**What this task involves:** In the entries below, find the line with "FCSFCB_20231101_0242" and the line with "Lester Pickering's Instagram, Twitter"; reproduce those two lines and all lines between them exactly, without pictures.

BEGIN Records provided

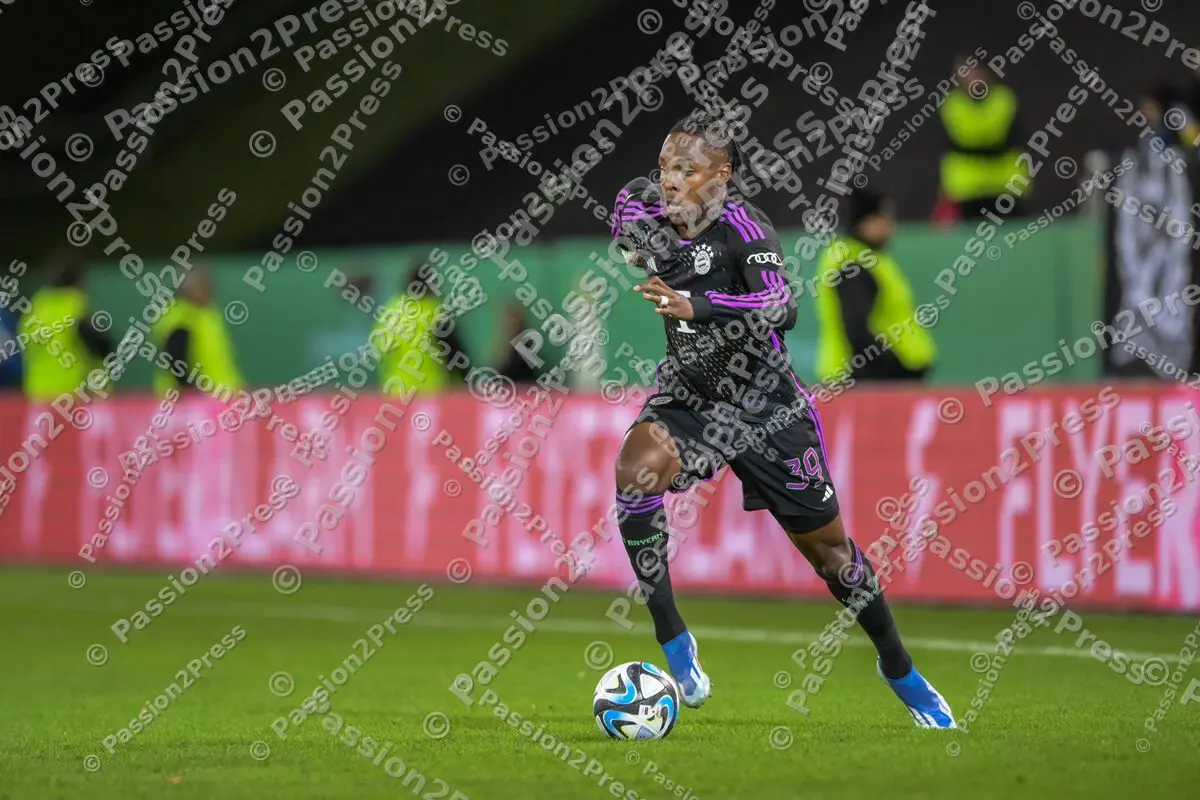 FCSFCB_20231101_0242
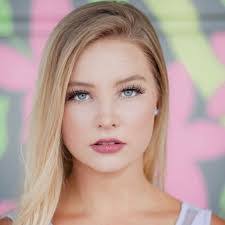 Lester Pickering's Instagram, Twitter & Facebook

END Records provided
BEGIN Records provided

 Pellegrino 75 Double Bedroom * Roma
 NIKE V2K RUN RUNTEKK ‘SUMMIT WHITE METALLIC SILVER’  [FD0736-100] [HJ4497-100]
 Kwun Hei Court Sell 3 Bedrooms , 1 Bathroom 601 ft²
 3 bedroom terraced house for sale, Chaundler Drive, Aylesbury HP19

END Records provided
BEGIN Records provided

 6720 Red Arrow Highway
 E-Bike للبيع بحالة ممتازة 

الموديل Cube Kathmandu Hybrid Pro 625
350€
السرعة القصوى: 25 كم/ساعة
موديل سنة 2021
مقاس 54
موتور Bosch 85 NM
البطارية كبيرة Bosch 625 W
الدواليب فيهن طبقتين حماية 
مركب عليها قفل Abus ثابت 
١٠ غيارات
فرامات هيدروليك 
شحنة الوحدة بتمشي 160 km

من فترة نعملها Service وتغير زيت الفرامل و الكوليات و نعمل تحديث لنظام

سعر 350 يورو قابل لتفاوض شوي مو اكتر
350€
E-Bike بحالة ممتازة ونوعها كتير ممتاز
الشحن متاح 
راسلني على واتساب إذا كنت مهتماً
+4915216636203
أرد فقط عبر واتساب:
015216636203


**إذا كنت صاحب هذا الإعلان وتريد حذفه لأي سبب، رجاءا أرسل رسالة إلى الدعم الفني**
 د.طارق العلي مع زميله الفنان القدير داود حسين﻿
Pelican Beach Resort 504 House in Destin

END Records provided

**Answer area:**
 FCSFCB_20231101_0242
 Lester Pickering's Instagram, Twitter & Facebook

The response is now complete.